Tears in the Fence 53: hydrodaktulopsychicharmonica reviewed

Issue 53 of Tears In The Fence arrived on Friday, so I spent large parts of the weekend dipping in and out of it. There's the usual excellent variety of poetry, but what sets it apart from many poetry mags is the amount, and quality, of reviews and critical articles included.

It was a nice surprise to find a review of hydrodaktulopsychicharmonica in this issue, and a very good review it is too, by Nathan Thompson. Of course, any poet likes being told nice things about their work, and Thompson does that ("full of some very fine descriptive and musical writing"), but he also talks in detail about what he wasn't so keen on, concluding "It [the book] is slightly overbalanced in favour of the self-contained lyric that doesn't provide (this reader at least) enough wriggle-room." He identifies two Matt Merritts, and prefers the one that "lets the roots hang out a bit and writes more open, multidimensional poems".

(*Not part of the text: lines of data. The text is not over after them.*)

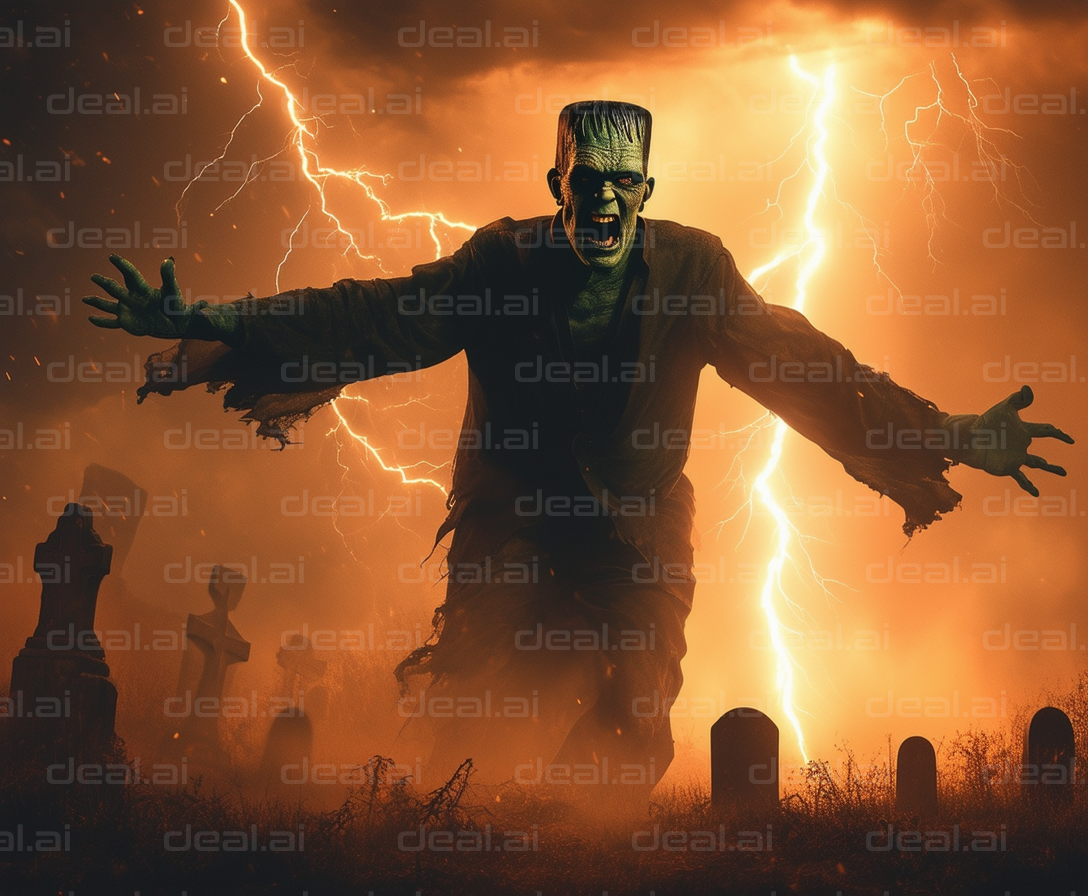 "Frankenstein in a Lightning Storm"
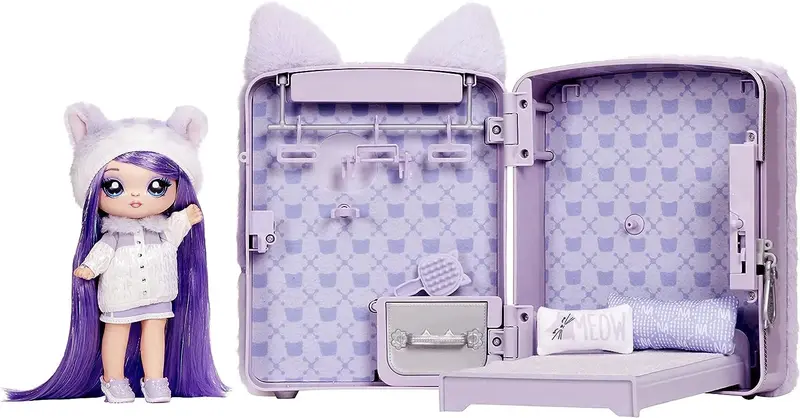 Na! Na! Na! Surprise Lavender Kitty 3-In-1 Backpack & Bedroom Playset 1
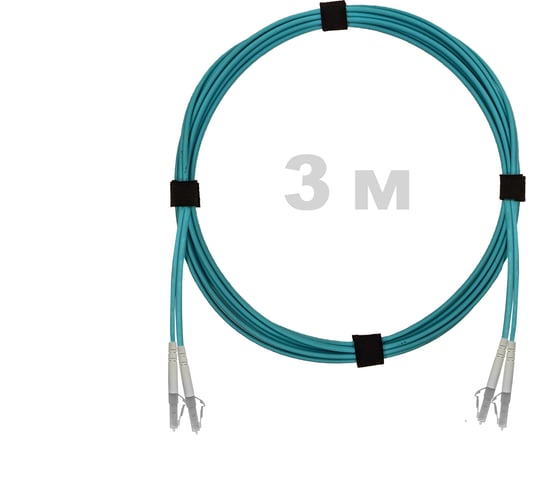 Патч-корд оптический ENGINOVA LC/UPC-LC/UPC MM (OM3) 2mm duplex LSZH, 3 м ENG-PC2.0-DX-2LCU-OM3-3m-LSZH-AQ 1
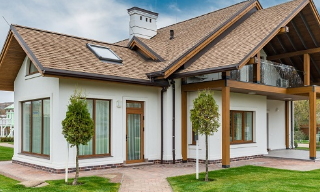 Проект дома с мансардой в Казани | цена от 317610 рублей от UpHouse
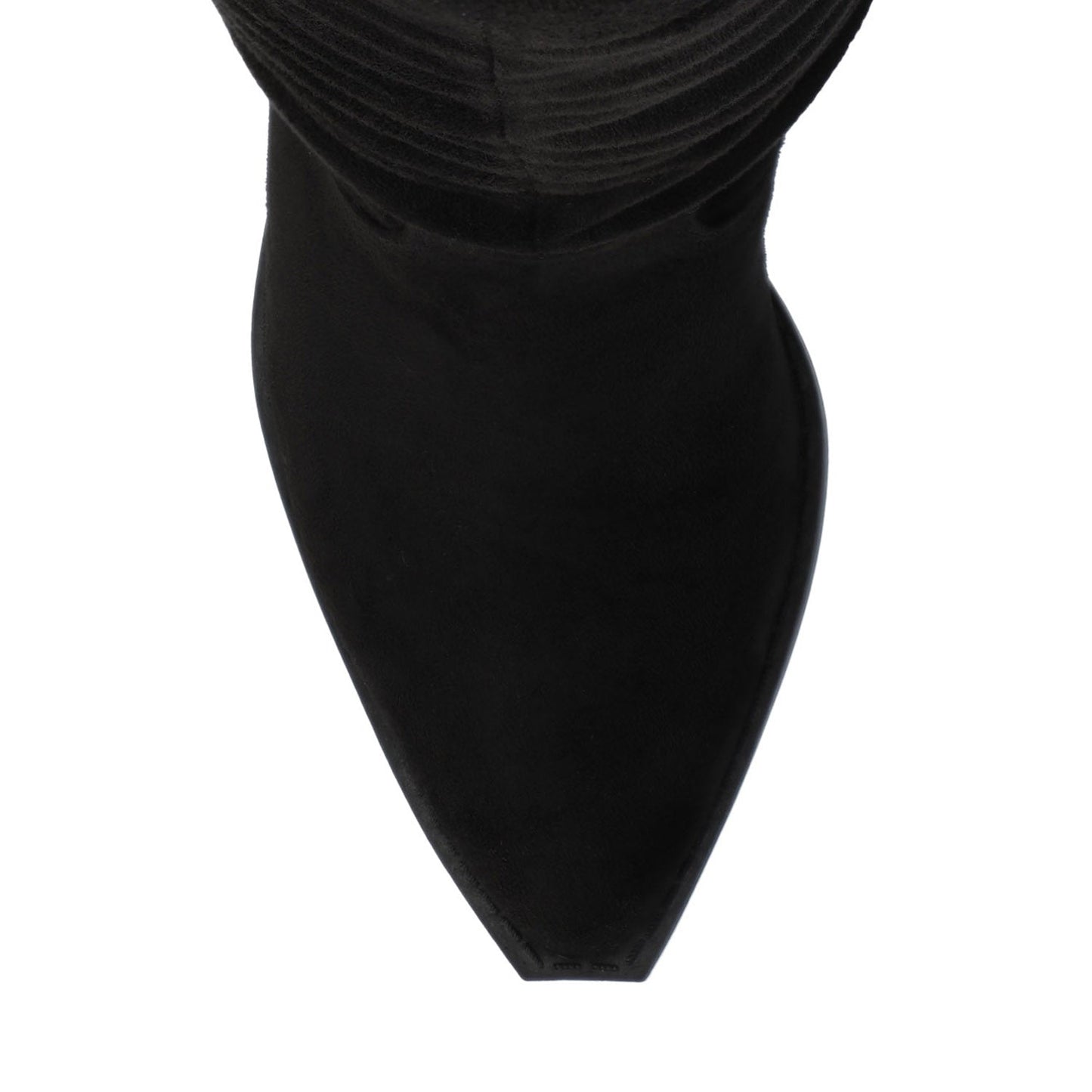 Journee KALEAH KNEE HIGH SLOUCHY BOOT IN WIDE CALF - Black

I think I agree, in as much as that's the type of poem I'm trying to write now, and enjoy writing most. That's not to say I'm trying to disown anything that's gone before at all, but I'd guess that the vast majority of poetry collections capture a snapshot in time, with the poet frozen for a moment on their way between two (almost certainly hard to define) points on the poetry spectrum. Which is probably a long way of saying that it's good to know that there's some evidence of development!

But anyway, I'm very grateful to Nathan and to Tears... for such a full and well-argued review, and I was particularly glad he chose Variations On A Theme By J A Baker to illustrate the sort of poem he enjoyed.

Elsewhere in the issue there's an excellent review of Gill McEvoy's The Plucking Shed, which reminded me that it's about time I got my act together and posted my own appreciation of a very subtle and surprising collection. And flicking through the latest Magma, I also noticed a review of Tom Duddy's new book. Like Gill and myself, he's a HappenStancer, and I loved his pamphlet The Small Hours, so I'll be seeking out this new collection, The Hiding Place.